I finally succumbed last November and applied.  It’s like when I obtained the handicap sticker 5 years ago.  It was a “just in case”.  I thought it was temporary and I would be me in 5 years.  I am worse.  Cane, walker. Everyone said if anyone deserved it, it was me.  I have fought so hard.  I only did it because of economics.  This is a title I do not want.

Last Thursday, I received a letter saying I was medically qualified but the non-medical was still being evaluated.  This makes no sense.  Friday, there is a check in the mail.  I am officially disabled.  It is bittersweet.  The wolf at the door is being held back.  This is not a title I ever aspired to or even wildly imagined. WTF happened!! This was not what I wanted to be when I grew up.  I am coming to terms with the fact that my career life is over.  I am NEVER going to get that title, again, something outside the sphere of possibilities.

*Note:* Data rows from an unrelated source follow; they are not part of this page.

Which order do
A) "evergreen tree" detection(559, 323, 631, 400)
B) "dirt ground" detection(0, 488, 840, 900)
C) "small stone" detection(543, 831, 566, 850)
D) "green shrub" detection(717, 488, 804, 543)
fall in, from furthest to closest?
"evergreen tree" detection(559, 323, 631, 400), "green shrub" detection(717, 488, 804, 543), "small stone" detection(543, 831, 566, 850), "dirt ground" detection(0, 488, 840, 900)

It’s reinvention time, Tresswann rising.    What do I want next?  What am I going to do for the rest of my life?  Well, the great Carib-American novel is possible but probably not publishable. I need to walk.  This gives me the opportunity to focus on getting back to walking.  I feel a little lost but I shall regroup.  I did originally want to write so maybe…

What did you want to be when you grew up and what happened along the way?